▶ [Supplied material]:
☆ ☆ ☆ ☆

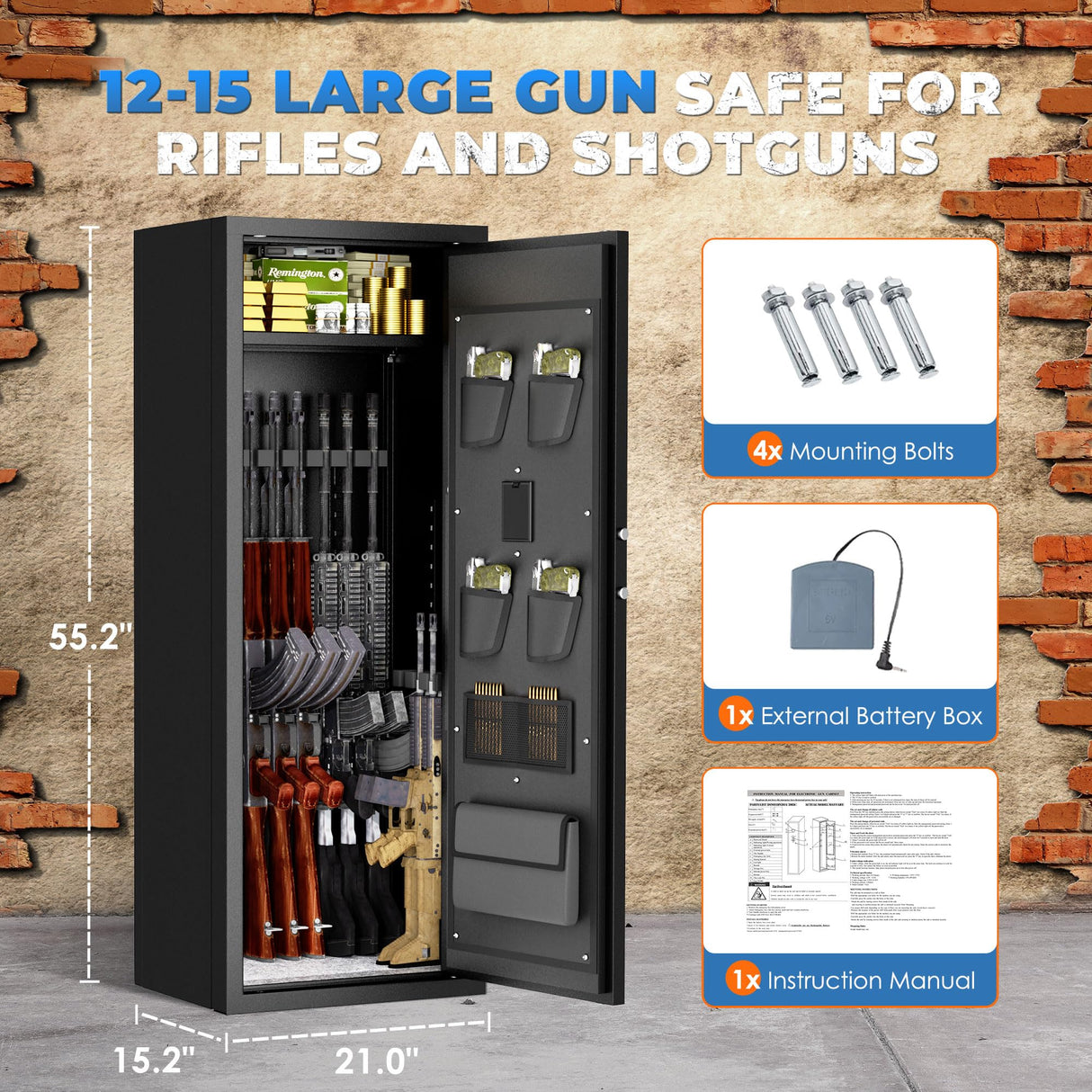 INTERGREAT 12-15 Gun Safe, Long Gun Safe for Rifle and Pistols, Large Gun Cabinet Safe with Removable Gun Racks, Digital Gun Cabinet with Multifunction Lock, 4 Pistol Pockets INTERGREAT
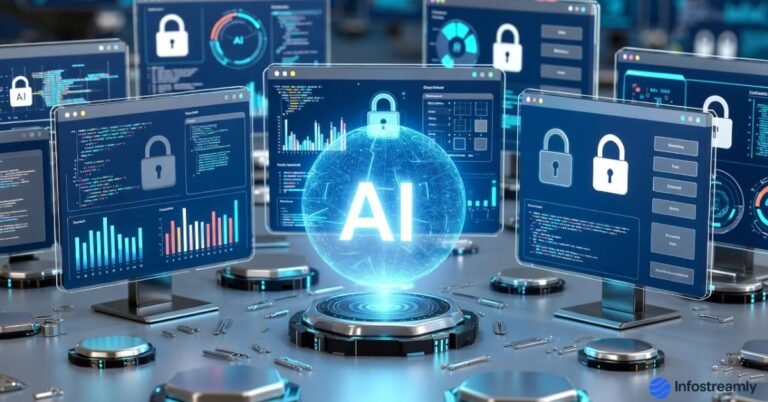 Editorial illustration showing why AI tools feel limited, with controlled system features and subtle security locks symbolizing intentional design choices that improve reliability and trust.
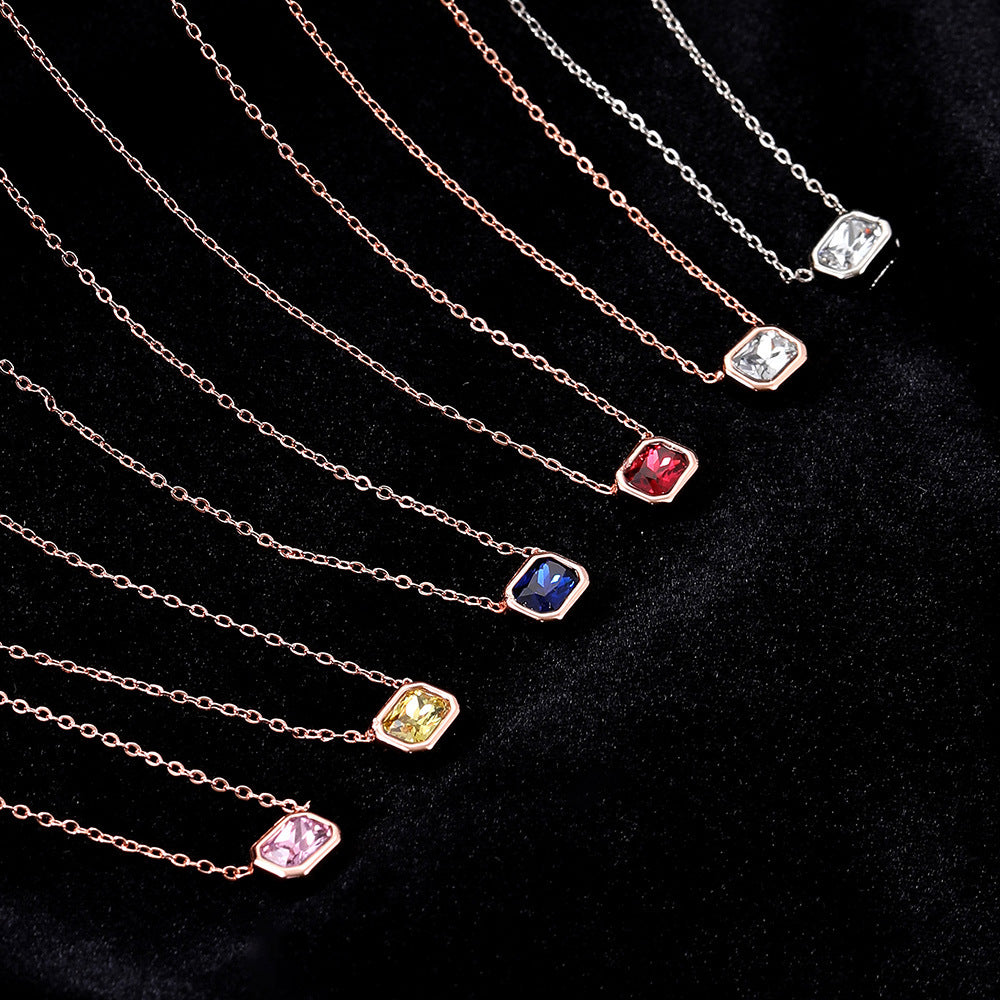 Ins Style Color Cube Sugar Zirconium Clavicle Chain: Elevate Your Style with Elegance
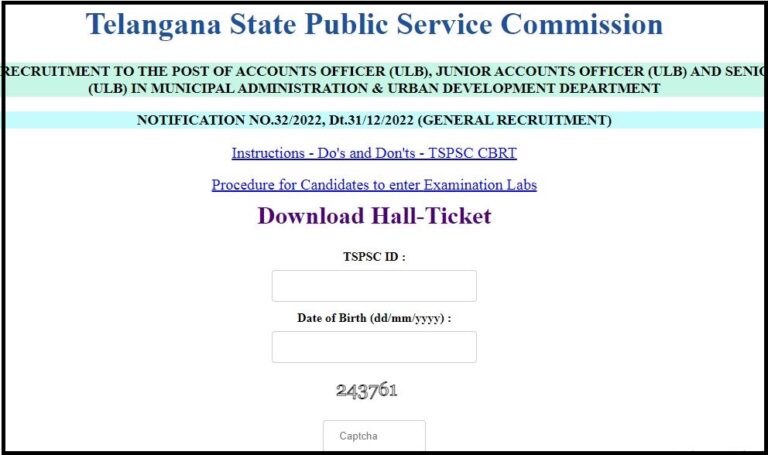TSPSC Accountant, Accounts Officer Hall Ticket 2023 Released: Check AO Exam Date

☆ ☆ ☆ ☆

▶ [Your instructions]: Your reply should hold every line above exactly as written and none of the pictures.

▶ [Exercise answer]:
 INTERGREAT 12-15 Gun Safe, Long Gun Safe for Rifle and Pistols, Large Gun Cabinet Safe with Removable Gun Racks, Digital Gun Cabinet with Multifunction Lock, 4 Pistol Pockets INTERGREAT
 Editorial illustration showing why AI tools feel limited, with controlled system features and subtle security locks symbolizing intentional design choices that improve reliability and trust.
 Ins Style Color Cube Sugar Zirconium Clavicle Chain: Elevate Your Style with Elegance
TSPSC Accountant, Accounts Officer Hall Ticket 2023 Released: Check AO Exam Date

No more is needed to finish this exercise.